#### PROBLEM TO SOLVE
Beneath this line are the data; copy exactly the part of them that opens with the line containing "Pets Spitz Pomeranian PowerPoint Template" and closes with the line containing "Orange cichlids with", and only that part.

(SUPPLIED RECORDS)

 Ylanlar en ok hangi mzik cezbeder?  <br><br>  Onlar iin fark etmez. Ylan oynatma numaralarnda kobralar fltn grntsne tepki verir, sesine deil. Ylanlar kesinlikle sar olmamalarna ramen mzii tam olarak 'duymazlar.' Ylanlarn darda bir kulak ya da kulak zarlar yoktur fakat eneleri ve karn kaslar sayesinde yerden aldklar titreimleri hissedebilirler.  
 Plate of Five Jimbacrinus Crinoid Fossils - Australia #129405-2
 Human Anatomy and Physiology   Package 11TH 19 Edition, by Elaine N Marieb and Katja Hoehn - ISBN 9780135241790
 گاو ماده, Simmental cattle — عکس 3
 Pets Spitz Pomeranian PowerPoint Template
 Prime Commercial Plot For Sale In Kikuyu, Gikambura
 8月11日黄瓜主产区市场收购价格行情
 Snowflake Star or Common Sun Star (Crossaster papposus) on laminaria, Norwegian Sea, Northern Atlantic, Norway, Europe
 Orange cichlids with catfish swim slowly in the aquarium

(End SUPPLIED RECORDS)
(SUPPLIED RECORDS)

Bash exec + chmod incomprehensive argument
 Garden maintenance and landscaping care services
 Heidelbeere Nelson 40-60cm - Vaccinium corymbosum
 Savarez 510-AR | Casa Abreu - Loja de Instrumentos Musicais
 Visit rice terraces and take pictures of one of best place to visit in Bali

(End SUPPLIED RECORDS)
(SUPPLIED RECORDS)

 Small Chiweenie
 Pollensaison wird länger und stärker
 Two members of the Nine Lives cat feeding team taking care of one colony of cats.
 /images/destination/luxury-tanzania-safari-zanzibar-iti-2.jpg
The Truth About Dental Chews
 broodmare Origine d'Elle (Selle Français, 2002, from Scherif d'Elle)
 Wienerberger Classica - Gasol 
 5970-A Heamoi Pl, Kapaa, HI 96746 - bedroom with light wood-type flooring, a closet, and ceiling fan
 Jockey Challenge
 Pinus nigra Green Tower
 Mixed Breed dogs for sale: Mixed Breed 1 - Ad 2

(End SUPPLIED RECORDS)

#### SOLUTION TO THIS TASK
 Pets Spitz Pomeranian PowerPoint Template
 Prime Commercial Plot For Sale In Kikuyu, Gikambura
 8月11日黄瓜主产区市场收购价格行情
 Snowflake Star or Common Sun Star (Crossaster papposus) on laminaria, Norwegian Sea, Northern Atlantic, Norway, Europe
 Orange cichlids with catfish swim slowly in the aquarium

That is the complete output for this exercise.